Driving can be stressful on a good day, but the holidays are especially tough. Winter holidays often bring slippery road conditions and crowded streets, making them even more stressful. These unfavorable conditions combined with the holiday rush can lead to stressed and tired delivery drivers as they navigate their routes under tight timelines.
This holiday season is expected to surpass the one-trillion-dollar mark for the first time in US history, and this means more delivery vehicles on the road than ever before. As we barrel toward this retail bonanza, it’s important for fleet managers to be on the lookout for signs of driver stress. In this blog, we will talk about the risks associated with driver stress and how to recognize the signs that a driver is over-stressed. Lastly, we will touch on how to nurture a culture of health and wellness to prevent stress from taking hold.
The Stress of Driving
According to a study sponsored by the National Institute of Health (NIH), professional drivers are subject to stressful working condition with negative impacts:
“Task-related features of professional drivers (e.g., traffic congestion, time pressure, shift patterns, social isolation) are linked to high levels of psychophysiological stress. Santos & Lu (2016) suggest that typical stressors of professional drivers, such as working overtime …increase the risk of traffic accidents, aggressive driving, fatigue…numerous researches have demonstrated that certain health conditions (e.g., poor mental health and cardiovascular problems) of professional drivers may affect their capacity to safely operate motor vehicles and therefore increase their risk of road accidents, occupational injury and even early deaths.”

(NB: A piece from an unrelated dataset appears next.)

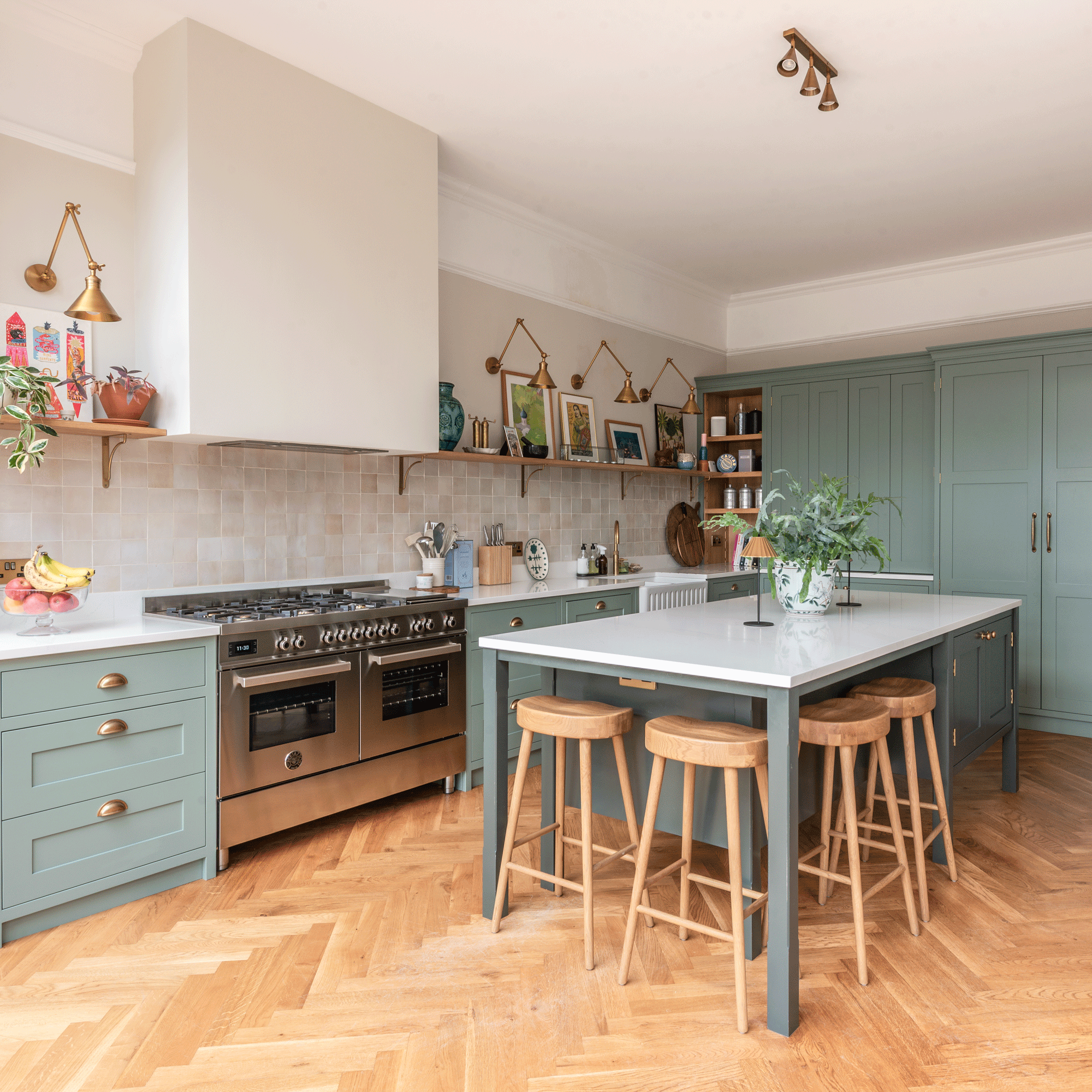 a kitchen with sage green cabinets and a fluted double Belfast sink with brass hot water tap, tiled splashback and open shelving, and a kitchen island with breakfast bar and stools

Another study shows that 27% of professional drivers suffer mental health conditions versus 5% of the general population. This staggering figure means that fleet managers should consider the mental wellbeing of their delivery drivers as a top priority.
Learn the Warning Signs
If your driver comes to work with a sprained ankle from the softball game the night before, it’s pretty easy to spot – i.e. the driver is limping or using crutches. In contrast, spotting drivers with high levels of psychophysiological stress is more difficult. However, there are very recognizable signs and fleet managers should know them.
4 Warning Signs of Driver Stress:
- Engaging in risky driving behaviors like speeding and/or excessive take off
- Acting out of character: quick to anger, excessively late to work, poor appearance or personal hygiene, etc.
- Abusing substances and/or alcohol
- Shirking responsibility
For an easy-to-reference chart of early warning signs of stress, click here. Knowing how to spot these early warning signs may prevent tragedy this holiday season.
Create a Culture of Health and Wellness
To help delivery drivers manage stress during the holidays, fleet managers should create a culture of health and wellness. Studies show that professional drivers perform better when they are practicing good nutrition. However, when professional drivers are under pressure, they may go long periods without eating or drinking water. This behavior can lead to dangerous consequences. If a driver does take time for a meal, fast food restaurants or fuel stations are likely options for a quick bite. Unfortunately, these options rarely contain the nutrients that are needed to avoid conditions like hypertension and high stress. To encourage wellness, fleet managers should insist that their drivers take at least a 30-minute break during the day for eating a nutritious meal. Furthermore, getting out of the vehicle and walking or stretching can help a driver reset mentally and physically before finishing out the day.
Lastly, encouraging mental wellness cannot be understated. If a driver is suffering high levels of stress or other mental ailments, they need to feel comfortable to approach you. So, take the time to let your drivers know that mental health conditions are not a weakness and that you are there to help any time they need during the holidays and throughout the year.
By staying vigilant for warning signs and promoting a culture of wellness, fleet managers can help drivers manage stress and stay safer this holiday season.